Note that if you wanted to support multi-line quotes in libraries without an option to make dots match newlines (e.g., JavaScript), change the dot to [\S\s]. Also, with regex engines which support negative lookbehinds (i.e., not those used by ColdFusion, JavaScript, etc.), the following two patterns would be equivalent to each other:

(["'])(?:\\\1|.)*?\1 (the regex being discussed)
(["']).*?(?<!\\)\1 (uses a negative lookbehind to achieve logic which is possibly simpler to understand)

Because I use JavaScript and ColdFusion a lot, I automatically default to constructing patterns in ways which don't require lookbehinds. And if you can create a pattern which avoids lookbehinds it will often be faster, though in this case it wouldn't make much of a difference.

One final thing worth noting is that in neither regex did I try to use anything like [^\1] for matching the inner, quoted content. If [^\1] worked as you might expect, it might allow us to construct a slightly faster regex which would greedily jump from the start to the end of each quote and/or between escaped quotes. First of all, the reason we can't greedily repeat an "any character" pattern such as a dot or [\S\s] is that we would then no longer be able to distinguish between multiple discrete quotes within the same string, and our match would go from the start of the first quote to the end of the last quote. The reason we can't use [^\1] either is because you can't use backreferences within character classes, even though in this case the backreference's value is only one character in length. Also note that the patterns [\1] and [^\1] actually do have special meaning, though possibly not what you would expect. With most regular expression libraries, they assert: match a single character which is/is not octal index 1 in the character set. To assert that outside of a character class, you'd typically need to use a leading zero (e.g., \01), but inside a character class the leading zero is often optional.

If anyone has questions about how or why other specific regex patterns work or don't work, let me know, and I can try to make "Regexes in Depth" a regular feature here.

Edit: Just for kicks, here's a version which adds support for fancy, angled “…” and ‘…’ pairs. This uses a lookbehind and conditionals. Libraries which support both features include the .NET framework and PCRE.

(?:(["'])|(“)|‘).*?(?<!\\)(?(1)\1|(?(2)”|’))

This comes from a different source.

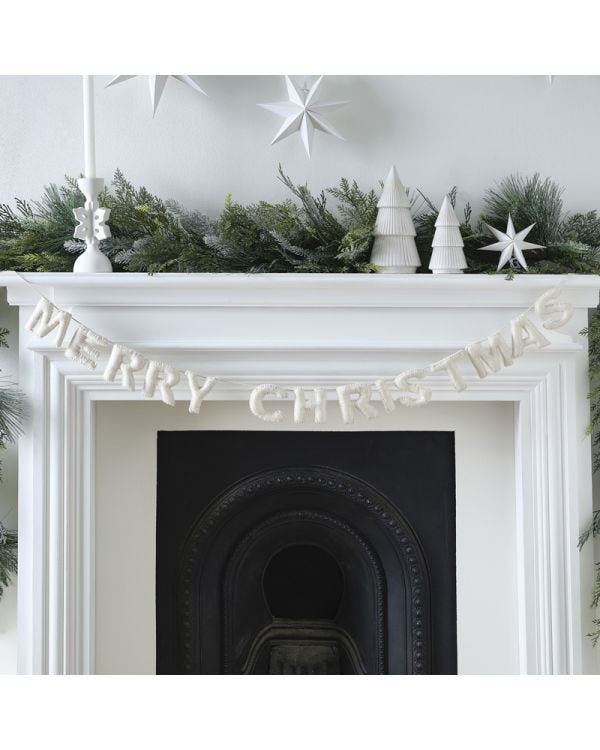 Felt Bunting - Merry Christmas - White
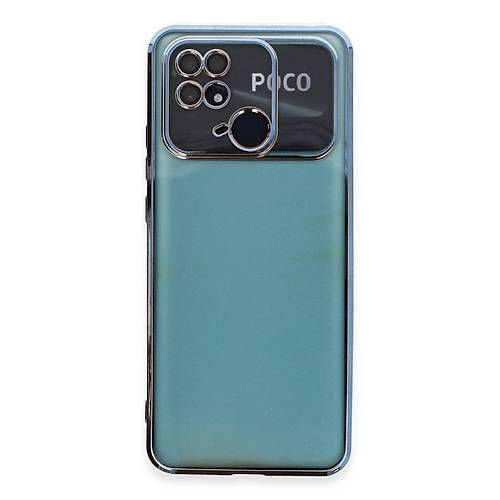 Redmi 10C K�l�f Razer Lensli Silikon - A��k Mavi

In the above, I'm using nested conditionals to achieve an if/elseif/else construct. Here are some examples of the kinds of quoted strings the above regex adds support for (in addition to preserving support for quotes enclosed with " or '.

“test”
“te“st”
“te\”st”
‘test’
‘t‘e“"”s\’t’

Edit 2: Note that these regexes were designed more for illustrative purposes than practical use within programming. One issue is that they don't account for escaped backslashes within the quotes (e.g., they treat \\" as a backslash followed by an escaped double quote, rather than an escaped backslash followed by an unescaped double quote. However, that's easy to address. For the first regex, just replace it with this:

(["'])(?:\\?.)*?\1

To also avoid an issue with quote marks which are followed by an escaped quote of the same type but are not followed by a closing quote, make the first quantifier possessive, like so:

(["'])(?:\\?+.)*?\1

Or, if the regex engine you're using doesn't support possessive quantifiers or atomic groups (which can be used equivalently), use one of the following:

(["'])(?:(?=(\\?))\2.)*?\1 «OR» (["'])(?:(?!\1)[^\\]|\\.)*\1

The former mimics an atomic group, and the later utilizes a negative lookahead which allows replacing the lazy star with a greedy one. There is still potential to optimize these for efficiency, and none of them account for the outermost opening quote marks being escaped or other issues regarding context (e.g., you might want to ignore quoted strings within code comments), but still, these are probably good enough for most people's needs.